With a little bit of effort, one can debunk nearly everything. The benefit is one has to make very few commitments and has few responsibilities. The penalty is one is left with little to believe in -- which is only a problem if it turns out that believing is the first step toward knowledge of that which makes eternal life worth living.
Of course your criticism of my use of the Catholic encyclopedia, once admitted, works both ways. No source NOT Catholic could possibly understand the issue well or have the love of truth necessary to pursue the matter down to its den.
It is of course just as silly to criticize papal infallibility by arguments irrelevant to the definition as it is to criticize transubstantiation because the consecrated elements do not look like flesh and blood. You are in the ridiculous position of saying, "If you'd said what I want you to have said, you'd have been wrong."
Yeah. Okay. I'll concede that.
But we didn't say the false thing you wish we had said so that you could call it false. And according to what we DID in FACT say. Honorius's posthumous verdict of heresy simply does not touch on the doctrine of Papal Infallibility. So the persistent, albeit boring, effort to trap us in some inconsistency once again fails -- unless you get to write the rules, rules which have nothing to do with reason.
It is of course just as silly to criticize papal infallibility by arguments irrelevant to the definition as it is to criticize transubstantiation because the consecrated elements do not look like flesh and blood.

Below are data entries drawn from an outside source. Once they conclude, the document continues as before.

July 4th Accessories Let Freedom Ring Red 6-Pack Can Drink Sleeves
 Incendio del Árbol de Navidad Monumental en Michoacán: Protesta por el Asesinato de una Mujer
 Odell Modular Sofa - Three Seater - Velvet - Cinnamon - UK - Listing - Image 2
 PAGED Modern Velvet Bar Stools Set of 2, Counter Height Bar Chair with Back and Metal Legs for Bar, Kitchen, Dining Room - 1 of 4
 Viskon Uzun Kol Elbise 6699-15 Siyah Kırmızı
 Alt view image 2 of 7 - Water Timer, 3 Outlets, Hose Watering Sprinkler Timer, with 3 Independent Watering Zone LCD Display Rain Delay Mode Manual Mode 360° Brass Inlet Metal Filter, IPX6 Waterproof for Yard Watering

You are in the ridiculous position of saying, "If you'd said what I want you to have said, you'd have been wrong."
Your magic definition of infallibility didn't exist in the 7th century. How convenient it is to say "Honorius was not teaching Heresy by our recently developed, and retroactively applied, standards.

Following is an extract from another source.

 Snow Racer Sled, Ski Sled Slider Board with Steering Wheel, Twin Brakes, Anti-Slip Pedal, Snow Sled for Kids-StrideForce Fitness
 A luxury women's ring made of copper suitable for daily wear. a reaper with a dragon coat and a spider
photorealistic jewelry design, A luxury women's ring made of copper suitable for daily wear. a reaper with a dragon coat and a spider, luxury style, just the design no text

Yeah. Okay. I'll concede that.
But we didn't say the false thing you wish we had said so that you could call it false. And according to what we DID in FACT say. Honorius's posthumous verdict of heresy simply does not touch on the doctrine of Papal Infallibility. So the persistent, albeit boring, effort to trap us in some inconsistency once again fails -- unless you get to write the rules, rules which have nothing to do with reason.
By it's very nature, the Council's delcaration of Herest was "infallible".